2016-09-09search: avoid mindlessly calling body_set
It's not worth entering a complex codepath in Email::MIME to save some (probably immeasurable amount of) memory, here. We've already stopped doing this in our WWW code a while back, too. If we really cared enough about it, we'd prioritize work on a streaming replacement for Email::MIME.
2016-09-09search: fix compatibility with Debian wheezy
Specifying the "d:" field only worked for NumberValueRangeProcessor in older versions of Xapian, such as the one in Debian wheezy (libsearch-xapian-perl=1.2.10.0-1) This slipped through since I rarely use wheezy, anymore, and perhaps nobody else does, either.
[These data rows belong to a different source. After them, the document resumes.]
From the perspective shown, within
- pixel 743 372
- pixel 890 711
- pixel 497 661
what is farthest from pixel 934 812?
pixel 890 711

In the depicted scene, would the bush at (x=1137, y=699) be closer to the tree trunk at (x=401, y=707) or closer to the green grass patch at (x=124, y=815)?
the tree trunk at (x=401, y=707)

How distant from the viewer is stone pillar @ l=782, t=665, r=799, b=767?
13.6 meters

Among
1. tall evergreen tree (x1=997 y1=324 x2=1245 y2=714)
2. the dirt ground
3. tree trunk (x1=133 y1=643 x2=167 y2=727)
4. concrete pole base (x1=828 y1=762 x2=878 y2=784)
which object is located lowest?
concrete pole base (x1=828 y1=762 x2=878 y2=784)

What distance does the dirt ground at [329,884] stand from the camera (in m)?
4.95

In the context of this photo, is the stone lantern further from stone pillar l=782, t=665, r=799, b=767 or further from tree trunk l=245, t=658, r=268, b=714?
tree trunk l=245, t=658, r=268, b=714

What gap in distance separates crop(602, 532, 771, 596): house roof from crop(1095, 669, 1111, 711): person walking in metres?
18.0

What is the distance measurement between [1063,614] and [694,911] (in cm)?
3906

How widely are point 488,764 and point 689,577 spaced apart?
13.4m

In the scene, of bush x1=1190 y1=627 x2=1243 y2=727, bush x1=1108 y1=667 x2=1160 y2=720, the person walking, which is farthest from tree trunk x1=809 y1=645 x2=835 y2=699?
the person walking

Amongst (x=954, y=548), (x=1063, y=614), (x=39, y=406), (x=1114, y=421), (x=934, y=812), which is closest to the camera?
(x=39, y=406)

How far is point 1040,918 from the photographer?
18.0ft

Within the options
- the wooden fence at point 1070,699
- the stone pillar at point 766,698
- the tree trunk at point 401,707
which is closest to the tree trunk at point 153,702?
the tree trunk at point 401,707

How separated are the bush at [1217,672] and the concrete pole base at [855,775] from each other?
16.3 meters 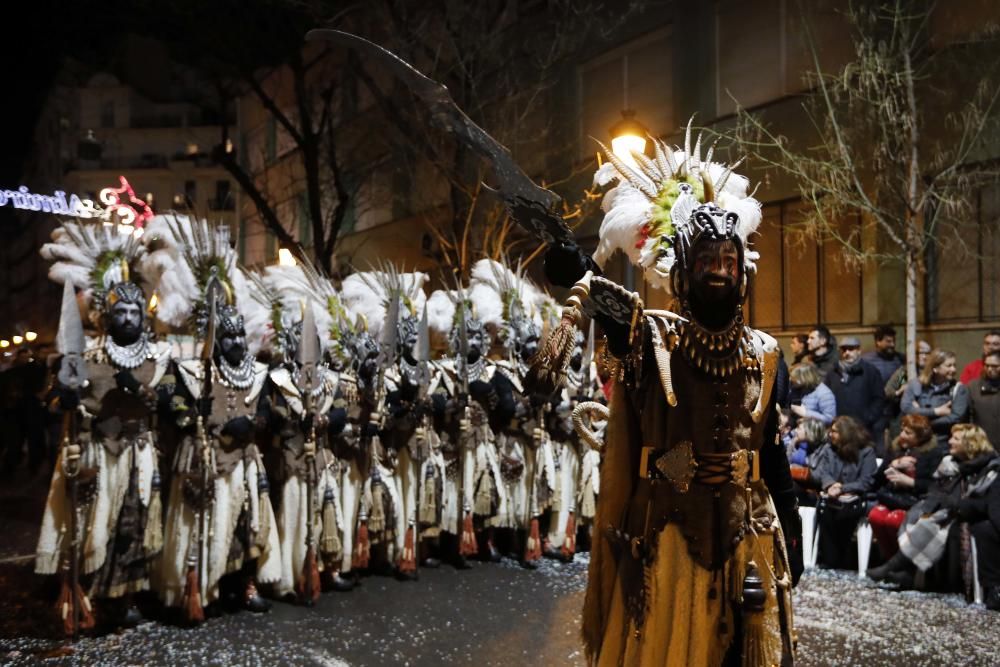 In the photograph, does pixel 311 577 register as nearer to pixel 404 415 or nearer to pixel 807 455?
pixel 404 415

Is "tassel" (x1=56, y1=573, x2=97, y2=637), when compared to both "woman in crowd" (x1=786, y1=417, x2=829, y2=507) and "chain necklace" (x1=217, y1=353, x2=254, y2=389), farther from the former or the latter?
"woman in crowd" (x1=786, y1=417, x2=829, y2=507)

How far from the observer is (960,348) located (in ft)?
32.0

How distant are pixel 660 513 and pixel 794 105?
9.68m

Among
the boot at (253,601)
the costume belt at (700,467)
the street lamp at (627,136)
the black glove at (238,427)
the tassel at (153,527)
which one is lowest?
the boot at (253,601)

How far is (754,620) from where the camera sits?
2898 millimetres

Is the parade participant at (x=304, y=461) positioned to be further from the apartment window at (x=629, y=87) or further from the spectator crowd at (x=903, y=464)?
the apartment window at (x=629, y=87)

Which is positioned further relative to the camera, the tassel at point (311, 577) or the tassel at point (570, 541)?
the tassel at point (570, 541)

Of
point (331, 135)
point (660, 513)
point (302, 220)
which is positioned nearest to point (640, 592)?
point (660, 513)

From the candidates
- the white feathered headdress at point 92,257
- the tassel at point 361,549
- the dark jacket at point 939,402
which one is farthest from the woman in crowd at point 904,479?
the white feathered headdress at point 92,257

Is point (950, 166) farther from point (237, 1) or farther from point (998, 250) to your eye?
point (237, 1)

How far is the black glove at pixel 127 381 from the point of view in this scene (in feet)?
19.0

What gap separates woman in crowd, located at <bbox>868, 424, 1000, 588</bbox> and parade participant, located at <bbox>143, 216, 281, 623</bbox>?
5027mm

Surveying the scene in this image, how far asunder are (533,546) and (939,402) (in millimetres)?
3968

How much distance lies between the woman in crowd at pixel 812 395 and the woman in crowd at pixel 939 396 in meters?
0.66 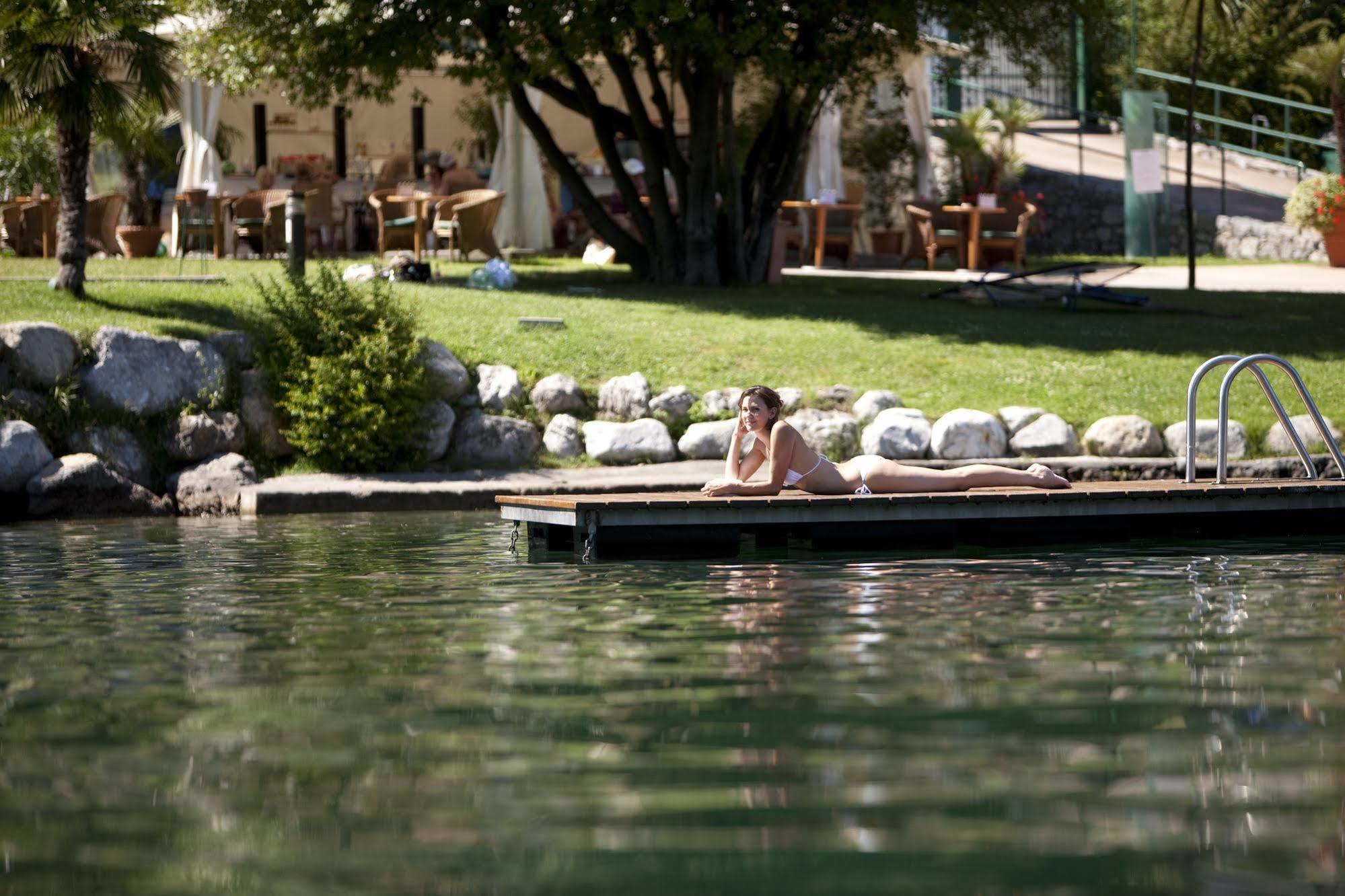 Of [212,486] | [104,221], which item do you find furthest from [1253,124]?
[212,486]

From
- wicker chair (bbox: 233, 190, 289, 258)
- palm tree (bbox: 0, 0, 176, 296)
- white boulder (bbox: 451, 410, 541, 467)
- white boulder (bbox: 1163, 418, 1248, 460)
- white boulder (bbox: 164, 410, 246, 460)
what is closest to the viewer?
white boulder (bbox: 1163, 418, 1248, 460)

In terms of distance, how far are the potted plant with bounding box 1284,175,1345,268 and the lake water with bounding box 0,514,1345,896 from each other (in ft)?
57.6

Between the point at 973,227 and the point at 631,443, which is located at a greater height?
the point at 973,227

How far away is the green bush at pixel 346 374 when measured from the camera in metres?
14.3

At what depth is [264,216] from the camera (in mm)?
22953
Perhaps wheezy support may be dropped, soon. Unfortunately, this requires a schema version bump.
2016-09-09search: increase term positions for each quoted hunk
We pay a storage cost for storing positional information in Xapian, make good use of it by attempting to preserve it for (hopefully) better search results.
2016-09-09search: match quote detection behavior of view
This is stricter than the mutt quote_regexp default ("^([ \t]*[|>:}#])+" on Debian jessie), but matches what we have in View.pm. I prefer the stricter quote detection since it is less ambiguous and less likely to hide/obscure important details.
2016-09-09search: fix space regressions from recent changes
As of Xapian 1.0.4 (from 2007) is possible to use Search::Xapian::QueryParser::add_prefix multiple times with the same user field name but different term prefixes. This brings my current git@vger mirror from 6.5GB to 2.1GB (both sizes are after xapian-compact).
2016-09-09search: more granular message body searching
"bs:" and "b:" are adapted from mairix(1) We will also support searching explicitly for quoted vs non-quoted text via "q:" and "nq:" prefixes since sometimes readers will not care for quoted text. In the future, we will support parsing diffs (perhaps when repobrowse integration is complete). Note: this roughly doubles the size of the Xapian database due to the additional information; so this change may not be worth it.